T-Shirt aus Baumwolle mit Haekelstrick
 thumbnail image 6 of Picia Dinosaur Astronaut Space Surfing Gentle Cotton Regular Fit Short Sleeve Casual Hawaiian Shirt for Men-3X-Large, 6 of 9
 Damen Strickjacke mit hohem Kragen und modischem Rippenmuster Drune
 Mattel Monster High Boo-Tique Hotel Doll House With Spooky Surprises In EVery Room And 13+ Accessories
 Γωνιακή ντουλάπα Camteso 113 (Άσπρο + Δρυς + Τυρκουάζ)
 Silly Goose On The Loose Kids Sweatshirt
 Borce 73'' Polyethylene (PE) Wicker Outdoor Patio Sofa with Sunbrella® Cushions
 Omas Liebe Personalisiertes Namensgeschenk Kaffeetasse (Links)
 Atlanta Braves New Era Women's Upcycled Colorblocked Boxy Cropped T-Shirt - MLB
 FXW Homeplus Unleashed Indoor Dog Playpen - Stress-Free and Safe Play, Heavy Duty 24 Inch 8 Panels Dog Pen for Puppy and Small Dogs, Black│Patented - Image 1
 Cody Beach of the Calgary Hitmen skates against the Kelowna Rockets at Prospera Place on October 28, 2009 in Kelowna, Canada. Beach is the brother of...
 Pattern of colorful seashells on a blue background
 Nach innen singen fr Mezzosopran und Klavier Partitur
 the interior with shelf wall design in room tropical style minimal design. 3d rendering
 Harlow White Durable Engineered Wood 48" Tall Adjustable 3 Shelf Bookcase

Exercise objective =>
Only the lines from the one containing "the interior with" to the end of the records should be repeated, exactly as they appear.

Answer for this exercise =>
 the interior with shelf wall design in room tropical style minimal design. 3d rendering
 Harlow White Durable Engineered Wood 48" Tall Adjustable 3 Shelf Bookcase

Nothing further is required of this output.